Eu adoro ficar deitada sem fazer nada vendo Netflix até ela me perguntar se eu ainda tô lá. Sei que esses momentos fazem muito bem pra minha mente descansar. Mas também sei que preciso me exercitar. Pelo meu corpo e pela minha mente. Sei que a atividade física vai melhorar minha circulação, diminuir a insônia e a ansiedade, aumentar minha flexibilidade e a saúde dos meus ossos e liberar endorfina, que será ótimo para o meu cérebro.

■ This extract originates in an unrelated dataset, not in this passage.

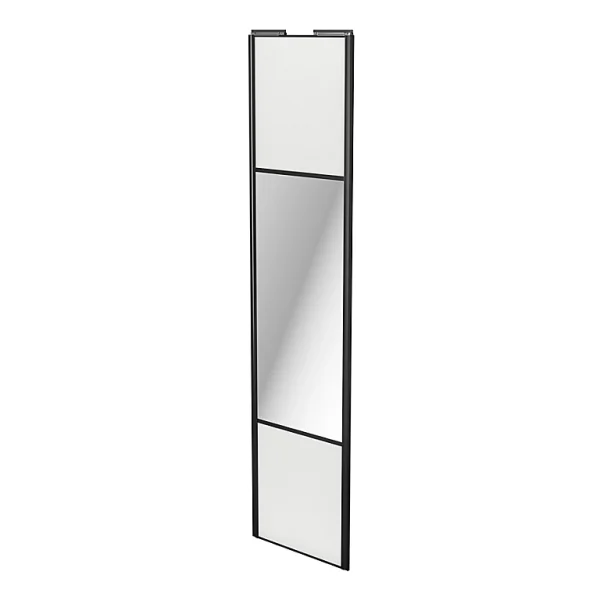 Castorama Porte De Placard Coulissante Avec Miroir Blanc Avec Cadre Noir GoodHome Arius H. 248,5 X L. 62.2 Cm soldes luxe 1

E acho importante compartilhar isso com vocês e tentar fazer com que vocês também entendam a importância disso. Adoro ir no rodízio de pizza e comer até o último sabor de pizza salgada & doce (porque sou dessas), mas sei que fazer isso com freqüência vai aumentar meus triglicerídeos, meu nível de açúcar no sangue e de sódio no organismo e que isso vai prejudicar meus órgãos e pode me trazer problemas.

Então por que não alertar vocês também sobre isso? Que é bem melhor pro nosso corpo tentar manter o hábito de se alimentar com alimentos mais ricos em nutrientes, porque vamos nos sentir mais dispostas, motivadas e longe do hospital.

Autocuidado também tem a ver com alimentar a mente. Hoje em dia eu prefiro enfiar a cara em livros que falam sobre psicologia positiva, meditação, conexão, flow e autoestima do que ler notícias péssimas que a galera compartilha nas redes sociais e comentar incansavelmente sobre elas ou me enfiar em grupos do facebook que problematizam até soluções, porque nenhuma melhora parece boa o suficiente.

Uma vez li em um blog feminista a seguinte frase: “Não é preciso ser triste para ser militante, mesmo que a coisa que se combata seja abominável.” É exatamente o que eu acredito. Não precisamos ser tristes, ver problema em tudo, viver reclamando.

Eu quero ser a pessoa que fala cada vez mais sobre autoconhecimento, autoamor, autoconsciência e autocuidado. Porque quando fazemos disso uma realidade pra gente, ajudamos outras pessoas a fazerem o mesmo. A energia de autocuidado é transformadora e de fato, agente de mudanças.

Autocuidado é entender os confortos e desconfortos da nossa vida, ver quais são as causas desses confortos e desconfortos, e escolher agir de forma mais positiva possível sobre essas questões.

Se amar, se aceitar e se entender não tem a ver com se acomodar ou fechar os olhos para as escolhas ruins que podemos fazer para nós mesmas e, sem querer, estimular os outros a fazer o mesmo. Autoestima tem a ver com ser responsável. Escutar seu corpo, sua mente, seus sentimentos, entender e melhorar suas atitudes. Se ame, se cuide.